GEZ und Laubenpieper die Zweite

Sieg für die Gartenlaubenbesitzer in den Gartenanlagen – oder doch nicht?

Wie Thüringens Staatskanzleiministerin Marion Wachsmann mitteilte, werde die Befreiung von der GEZ-Gebühr unabhängig von der Größe der Gartenlauben gelten. Somit hätten die ostdeutschen Datschenbesitzer aufatmen können.

Jedoch: (Zitat MZ) „Zählen soll die Nutzung. Die neue Gebühr greife nur bei Lauben, die zum Wohnen geeignet sind, sagte Sachsen-Anhalts Regierungssprecher Rainer Metke […] Doch der Nachweis, dass die Datsche nicht zum Wohnen geeignet ist, lieg beim Eigentümer.“ (Wie man das machen sollte, weiß natürlich auch noch keiner.)

Damit ist das Datenschutzproblem nicht behoben: Die GEZ geht es immer noch nichts an, wer eine Datsche hat. Wenn man aber einen Nachweis erbringen muss, ist das wieder das Prinzip „alle sind schuldig, bis die Unschuld bewiesen ist“, und die GEZ muss notwendiger Weise bei diesem System wissen, wer wo was hat.
Der hirnrissige Teil ist genauso wenig behoben: Es ist verboten, in den Kleingartenanlagen zu wohnen.
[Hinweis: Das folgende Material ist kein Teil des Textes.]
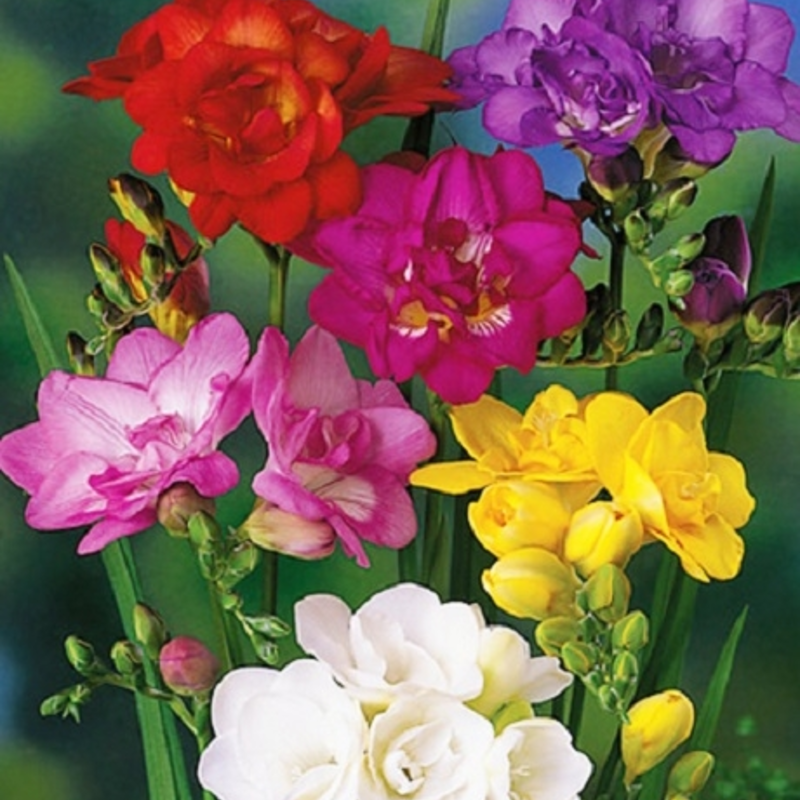 Double Mixed Freesia Bulbs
Ob man es von der Bausubstanz her könnte oder nicht.
Eine Nachweispflicht macht nur dann Sinn, wenn davon ausgegangen wird, dass sich sehr viele nicht an das Gesetz halten – und dann so blöd wären, dass der GEZ auf die Nase zu binden.

Denn wie ich schon einem Kommentator im vorigen Post zu diesem Thema geschrieben habe: Es ist genau definiert, was eine Kleingartenanlage ist. Wenn die Laube in so einer steht, darf man nicht darin wohnen, ein Nachweis, ob das möglich ist oder nicht ist somit schlicht überflüssig. Kostet Geld, ist lästig und verstößt gegen die informationelle Selbstbestimmung.